Suriye'de farklı halk ve inançlara mensup olan kesimlere saldırıların arttığını ileri süren Oruç, "Alevi'siz, Kürt'süz, Hristiyan'sız, Dürzi'siz, Türkmen'siz, Arap'sız Suriye olamaz." dedi.
Oruç, Türkiye'de de "siyasal Alevilik" diye "uydurma bir tartışmanın" başladığını, bu tartışmalarla Alevilerin hedef gösterildiğini, iktidar ve yargının bu durum karşısında sessiz kaldığını savundu.

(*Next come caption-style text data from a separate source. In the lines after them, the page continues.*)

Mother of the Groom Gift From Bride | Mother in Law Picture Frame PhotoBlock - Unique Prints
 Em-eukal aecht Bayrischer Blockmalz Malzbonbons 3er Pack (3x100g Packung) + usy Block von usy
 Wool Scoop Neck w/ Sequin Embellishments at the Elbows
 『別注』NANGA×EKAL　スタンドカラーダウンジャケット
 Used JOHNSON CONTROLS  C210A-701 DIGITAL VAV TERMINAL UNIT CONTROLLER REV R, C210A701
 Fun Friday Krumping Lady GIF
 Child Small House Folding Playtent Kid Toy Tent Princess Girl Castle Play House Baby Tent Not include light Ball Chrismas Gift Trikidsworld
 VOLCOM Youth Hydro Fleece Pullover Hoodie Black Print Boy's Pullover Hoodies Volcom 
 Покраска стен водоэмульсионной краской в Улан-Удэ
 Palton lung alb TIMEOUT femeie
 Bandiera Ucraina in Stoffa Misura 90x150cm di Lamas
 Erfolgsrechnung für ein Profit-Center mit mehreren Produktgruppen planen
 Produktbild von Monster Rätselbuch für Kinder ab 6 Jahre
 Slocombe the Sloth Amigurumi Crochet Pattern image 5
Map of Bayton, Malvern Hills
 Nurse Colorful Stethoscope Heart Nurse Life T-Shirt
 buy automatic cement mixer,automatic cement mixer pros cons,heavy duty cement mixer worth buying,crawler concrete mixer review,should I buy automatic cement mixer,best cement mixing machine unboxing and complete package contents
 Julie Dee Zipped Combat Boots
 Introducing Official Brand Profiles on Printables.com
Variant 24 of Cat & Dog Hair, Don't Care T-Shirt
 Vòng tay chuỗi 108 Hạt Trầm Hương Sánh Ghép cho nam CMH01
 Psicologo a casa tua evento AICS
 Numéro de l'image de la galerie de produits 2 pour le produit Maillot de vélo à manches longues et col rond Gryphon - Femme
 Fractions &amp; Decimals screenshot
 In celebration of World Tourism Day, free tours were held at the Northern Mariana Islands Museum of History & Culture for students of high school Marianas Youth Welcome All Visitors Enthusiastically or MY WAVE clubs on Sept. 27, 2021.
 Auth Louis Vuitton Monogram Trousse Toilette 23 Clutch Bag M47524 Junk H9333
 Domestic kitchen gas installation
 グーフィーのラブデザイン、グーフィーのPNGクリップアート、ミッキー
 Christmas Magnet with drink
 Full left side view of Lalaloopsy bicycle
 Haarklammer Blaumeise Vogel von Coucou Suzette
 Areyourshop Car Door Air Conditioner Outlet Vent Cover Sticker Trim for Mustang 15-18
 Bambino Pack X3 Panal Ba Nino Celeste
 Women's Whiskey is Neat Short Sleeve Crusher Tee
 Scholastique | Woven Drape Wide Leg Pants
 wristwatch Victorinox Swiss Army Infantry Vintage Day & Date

DEM Parti Eş Genel Başkanı Oruç, konuyla ilgili hukuki işlemlerin başlatılması gerektiğini söyledi.
DEM PARTİ HEYETİNİN GÖRÜŞMELERİ
DEM Parti heyetinin görüşmelerine de değinen Oruç, "Bu dönem sürece doğru yaklaşarak tarih yazma dönemidir. Görkemli bir çıkış bizlerin elindedir." dedi.
Oruç, DEM Parti olarak "İmralı'nın duyurduğu tarihi mesajının" arkasında olduklarını belirterek, "Barışın tesis edilmesi için üzerimize düşen bütün görev ve sorumlulukları bu sürecin bir öznesi olarak yürütmeye hazırız." değerlendirmesinde bulundu.
Daha önce yaptığı bazı açıklamaları hatırlatarak bu açıklamalarının çarpıtıldığını ileri süren Oruç, "Belli ki barış istemeyen bazı kaynakların bu tarz dezenformasyonları devam edecek. Barış karşıtı hareketlere hiçbir biçimde girilmemelidir. Bu süreçte aynı ezberle ve provokasyonlarla ortaya çıkan ve yabancısı olmadığımız bu kaynaklar bilmeli ki hiç kimsenin bizlerin barış ısrarını ve sözünü çarpıtmaya asla ve asla gücü yetmeyecek." ifadelerini kullandı.
"MUHALEFET PARTİLERİN TUTUMU ÇOK KIYMETLİ"
Oruç, muhalefetin önemli bir bölümünün şimdiye kadar sağduyu gösterdiğini ve çözüm odaklı yaklaştığını belirtti.
Muhalefet partilerinin bu tutumuyla Türkiye toplumuna çok önemli bir katkı sunduğunu dile getiren Oruç, "Tutumunuz kıymetli ve çok önemli. Gelin bu tutumu daha da güçlendirerek, barış için bu parlamentonun çatısı altında ve toplumun içinde hep birlikte çalışmaya devam edelim. Kürt sorununa doğru temelde yaklaşmak ve çözüme katkı sunmak, başta muhalefet olmak üzere herkesi çok büyütür." çağrısında bulundu.
Oruç, barışın her şeyden önce dille inşa edildiğini, barış dilinin kurulmaması durumunda barışın hayal edilemeyeceğini, bu nedenle başta iktidar olmak üzere herkesin özenli bir dil kullanması gerektiğini söyledi.
Bu dönemin iyi değerlendirilmesi gerektiğini ifade eden Oruç, "Sürecin başarısı için dönemsel hesaplara takılmadan, bu sürecin sahiplenilmesi ve emek verilmesi çok önemli bir anlam taşımaktadır. O halde hep birlikte elimizi taşın altına koyalım. DEM Parti olarak bizler dün olduğu gibi de bugün de aynı şekilde elimizi taşın altına koyuyoruz ve gerekirse gövdemizi taşın altına koyacağız. Yeter ki barış olsun." dedi.